- Born: 28 January 1926 Poznań, Poland
- Died: 7 March 2023 (aged 97) Warsaw, Poland

= Władysław Findeisen =

Polish engineer, academic and politician (1926–2023)

Władysław Findeisen (28 January 1926 – 7 March 2023) was a Polish engineer, academic and politician.

== Life and career ==
Born in Poznań, the son of two engineers, during World War II Findeisen took part in the Warsaw Uprising, being captured by Nazis and being imprisoned in a war camp in Germany. In 1949, he graduated in Electrical Engineering at the Warsaw University of Technology, where he later became professor and where he co-founded the Department of Automatic Control and Telemechanics (later renamed as Institute of Automatic Control), that he headed from 1955 to 1981. He served as rector of the university from 1981 to 1985, when he was dismissed for political reasons.
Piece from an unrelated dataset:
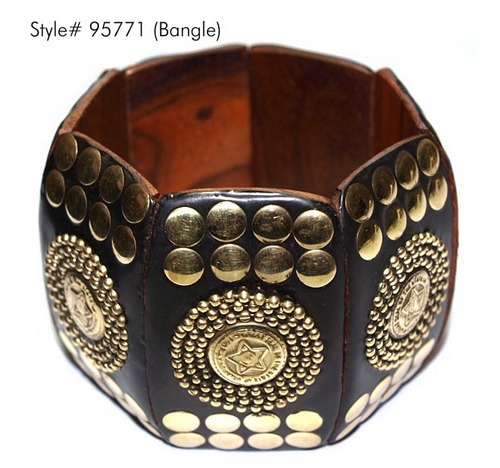 Brass Studded Wooden Bracelets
A member of the Solidarity movement and a supporter of Lech Wałęsa, he was senator from 1989 to 1993.

The main object of Findeisen's studies was the theory and technology of automatic control, and among other things with his team he developed a system of hierarchical steady-state control used in the chemical industry. He authored or co-authored about 80 scientific articles and 6 books.

During his career Findeisen received various honours and accolades, notably the Order of the White Eagle, the Commander's Cross of the Order of Polonia Restituta, the Warsaw Uprising Cross and the Honorary Citizenship of Warsaw. He died in Warsaw on 7 March 2023, at the age of 97.